EXERCISE INSTRUCTIONS
With the line containing "铜川 芝麻白蘑菇石装车出货" as the starting point, output the remaining lines of the data exactly as they are, through the last.

Collected data:
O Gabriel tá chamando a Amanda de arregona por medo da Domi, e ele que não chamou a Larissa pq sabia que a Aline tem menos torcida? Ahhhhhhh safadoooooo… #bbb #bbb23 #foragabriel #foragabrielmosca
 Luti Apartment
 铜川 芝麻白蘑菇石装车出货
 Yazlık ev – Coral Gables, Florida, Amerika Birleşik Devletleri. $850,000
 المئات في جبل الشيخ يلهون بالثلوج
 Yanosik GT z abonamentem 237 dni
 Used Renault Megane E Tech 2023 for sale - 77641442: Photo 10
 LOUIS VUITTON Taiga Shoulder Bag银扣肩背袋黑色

EXERCISE OUTPUT
 铜川 芝麻白蘑菇石装车出货
 Yazlık ev – Coral Gables, Florida, Amerika Birleşik Devletleri. $850,000
 المئات في جبل الشيخ يلهون بالثلوج
 Yanosik GT z abonamentem 237 dni
 Used Renault Megane E Tech 2023 for sale - 77641442: Photo 10
 LOUIS VUITTON Taiga Shoulder Bag银扣肩背袋黑色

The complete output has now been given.